You can then run the same makefile with the new data with:

kerblam run process_csv --profile alternate

tip

Profiles work on directories too! If you specify a directory as a target of a profile, Kerblam! will move the whole directory to the new location.

important

Paths under every profile section are relative to the input data directory, by default data/in.

Under the hood, Kerblam! will:

  • Move input.csv to a temporary directory in the root of the project named .kerblam/scratch, adding a very small salt string to its name (to avoid potential name collisions);
  • Move different_input.csv to input.csv;
  • Run the analysis as normal;
  • When the run ends (it finishes, it crashes or you kill it), Kerblam! will restore the original state: it moves both different_input.csv and input.csv.<salt> back to their original places.

This effectively causes the workflow to run with different input data.

warning

Careful that the output data will (most likely) be saved as the same file names as a "normal" run!

Kerblam! does not look into where the output files are saved or what they are saved as. If you really want to, use the KERBLAM_PROFILE environment variable described below and change the output paths accordingly.

Profiles are most commonly useful to run the workflows on test data that is faster to process or that produces pre-defined outputs. For example, you could define something similar to:

[data.profiles.test]
"input.csv" = "test_input.csv"
"configs/config_file.yaml" = "configs/test_config_file.yaml"

And execute your test run with kerblam run workflow --profile test.

The profiles feature is used so commonly for test data that Kerblam! will automatically make a test profile for you, swapping all input files in the ./data/in folder that start with test_xxx with their "regular" counterparts xxx. For example, the profile above is redundant!

If you write a [data.profiles.test] profile yourself, Kerblam! will not modify it in any way, effectively disabling the automatic test profile feature.

Kerblam! tries its best to cleanup after itself (e.g. undo profiles, delete temporary files, etc...) when you use kerblam run, even if the workflow fails, and even if you kill your workflow with CTRL-C.

tip

If your workflow is unresponsive to a CTRL-C, pressing it twice (two SIGTERM signals in a row) will kill Kerblam! instead, leaving the child process to be cleaned up by the OS and the (eventual) profile not cleaned up.

This is to allow you to stop whatever Kerblam! or the workflow is doing in case of emergency.

Detecting if you are in a profiled run

Kerblam! will run the workflows with the environment variable KERBLAM_PROFILE set to whatever the name of the profile is. In this way, you can detect from inside the workflow if you are in a profile or not. This is useful if you want to keep the outputs of different profiles separate, for instance.

File modification times when using profiles

make tracks file creation times to determine if it has to re-run workflows again. This means that if you move files around, like Kerblam! does when it applies profiles, make will always re-run your workflows, even if you run the same workflow with the same profile back-to-back.

To avoid this, Kerblam! will keep track of the last-run profile in your projects and will update the timestamps of the moved files only when strictly necessary.

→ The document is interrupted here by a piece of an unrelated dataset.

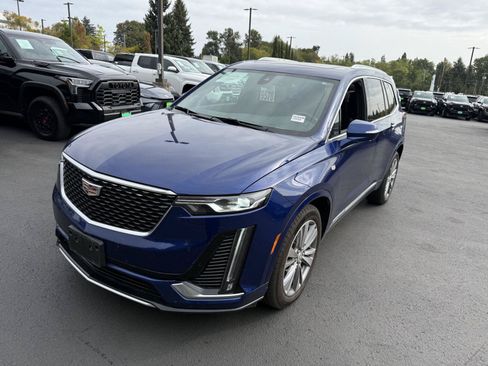 Used 2025 Cadillac XT6 Premium Luxury AWD/4WD image 1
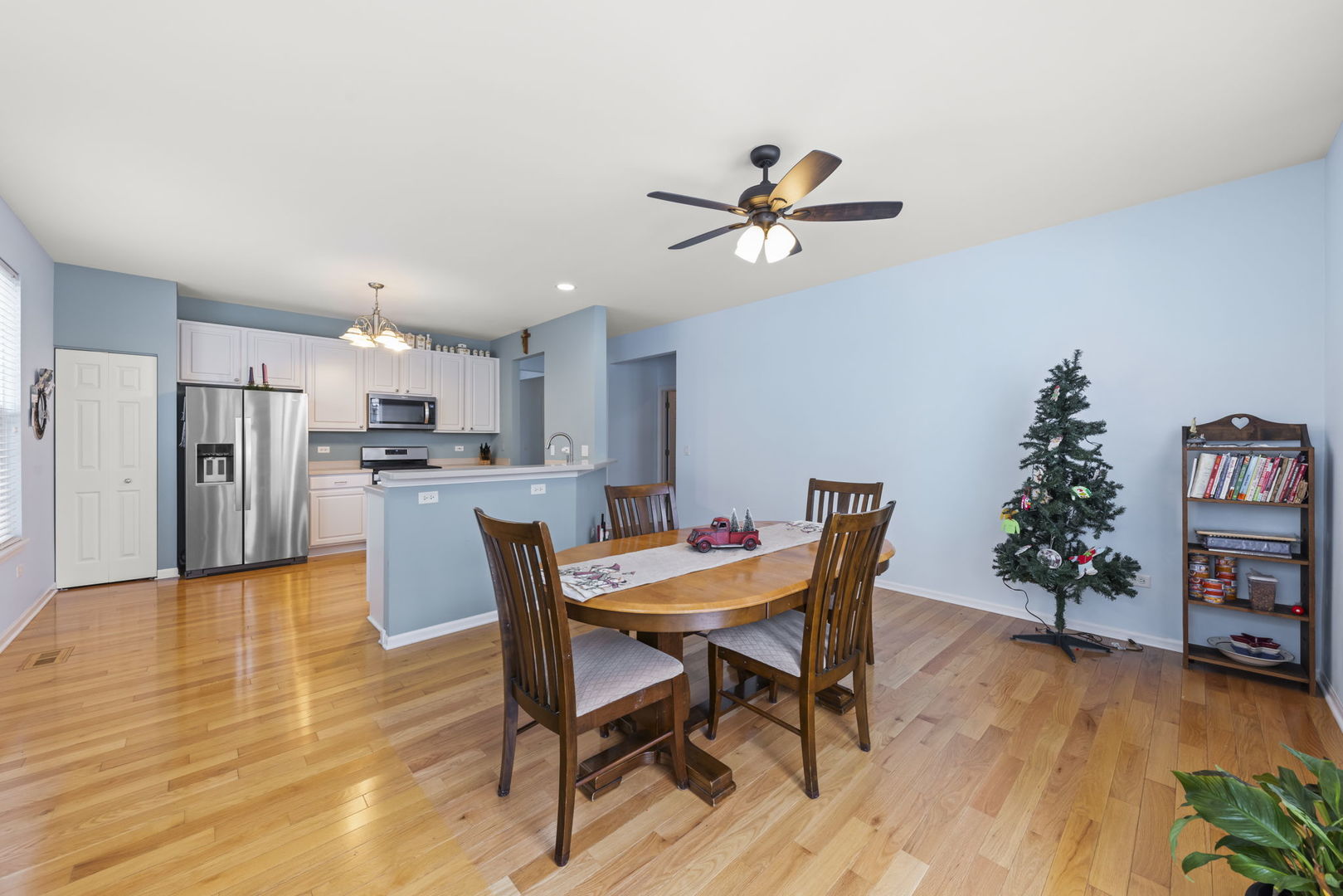 16174 Seneca Lake Circle, Crest Hill, IL 60403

This means that the profile files will get updated timestamps only when they actually need to be updated, which is:

  • When you use a profile for the first time;
  • When you switch from one profile to a different one;
  • When you don't use a profile, but you just used one the previous run;

To track what was the last profile used, Kerblam! creates a file in $HOME/.cache/kerblam/ for each of your projects.

Sending additional arguments to the worker process

You can send additional arguments to either make or bash after what Kerblam! sets by default by specifying them after kerblam's own run arguments:

kerblam run my_workflow -- extra_arg1 extra_arg_2 ...

Everything after the -- will be passed as-is to the make or bash worker after Kerblam!'s own arguments.

For example, you can tell make to build a different target with this syntax:

kerblam run make_workflow -- other_target

As if you had run make other_target yourself.